CHEMeDATA Initiative

Main website of the CHEMeDATA umbrella organization

Generation of good data

This page is not specific to chemistry. It addresses the general problem of the generation of “good” archive data.

Goal

Facilitate the generation of structured archived files (.zip) by researchers using an Archive forge.

Example of archive forge.

It will use domain-specific (or journal-specific) template to make it clear what data are mandatory, optional, etc. It will generate linked data for these files, but also about the author, related publication, etc.

Problem

Currently scientists structure their files differently and include no field-specific metadata in the .zip files.

To do

Create a generic web-based front-end tool reading a template to create a field-specific archive.

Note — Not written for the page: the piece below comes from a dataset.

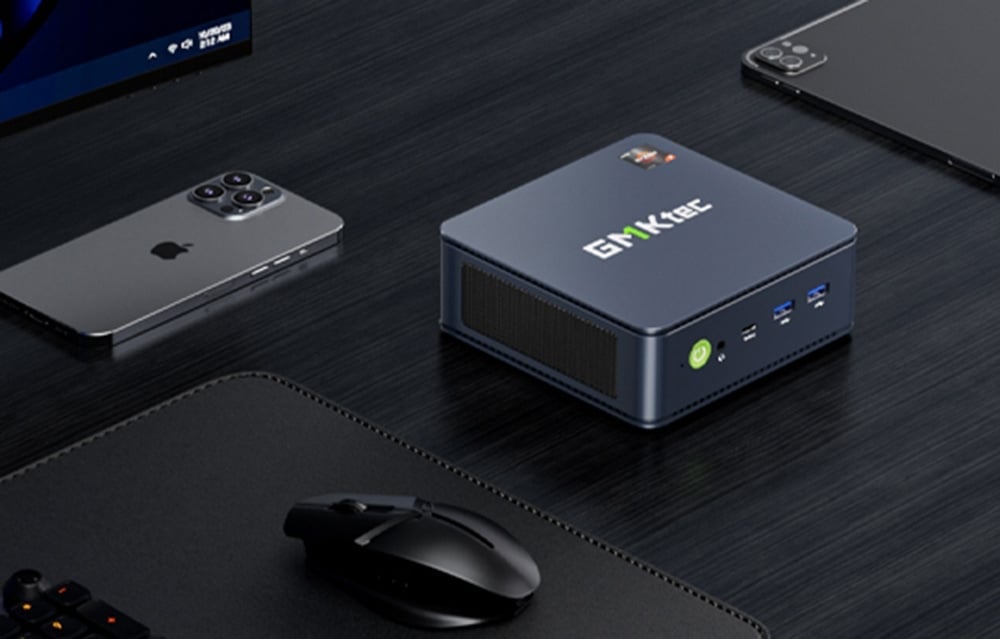 GMKtec Mini PC M5 PLUS AMD Ryzen 7 5825U 16GB RAM + 512GB WIN 11 Pro-12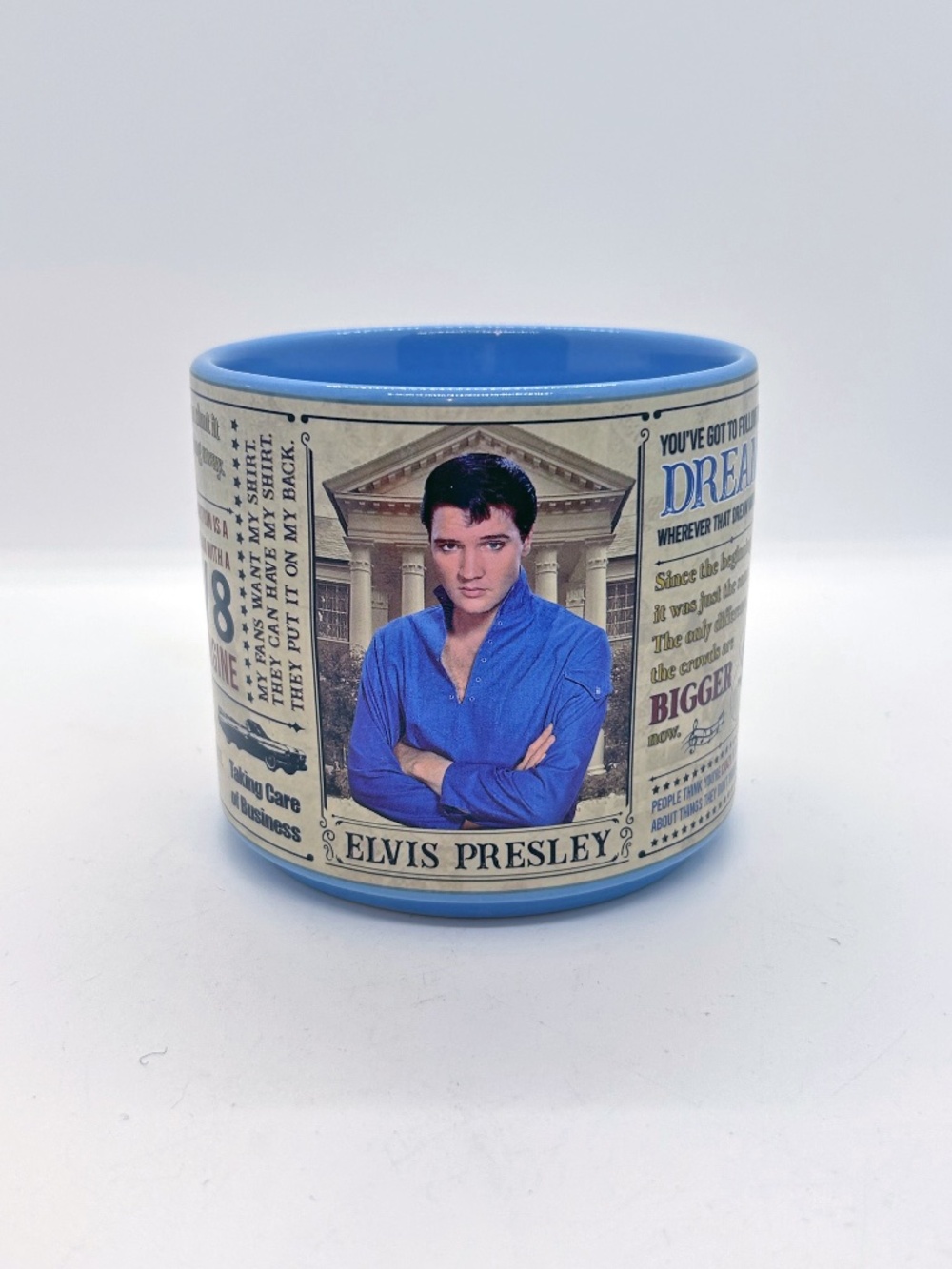 Elvis Presley Official Licensed 16oz Quote Mug - Like New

Key features: The archive forge would show pre-defined file-drop area and folder-drop, check the format of the files, allow to include comments, reference, and facilitate the generation of links between files (workflow, pairs, etc.). At the bottom of the page a “Generate Archive file” would create the .zip file.

Format conversion

The tool could include file-format converters. This will allow proprietary file format to be the included in archive and still insure the “interoperability” through the presence of an additional file in an “open” format.

Data pre-visualization

Previsualization would faciliate the verification that the files are organized correctly withing the page. (Show the content of the file instead of only its name.)

Data validation

Some data types could be validated (say check NMR chemical shifts, or number of carbon signals). This will add value to the data submission process by providing the user with insurance that his analysis is correct. These may also increase the confidence of re-users of the data if the validation data are stored in the archive.

Direct submission

The tool could allow for the direct deposition to a repository such as Zenodo, Olos, FigShare, etc. or to scientific journal’s manuscript submission systems.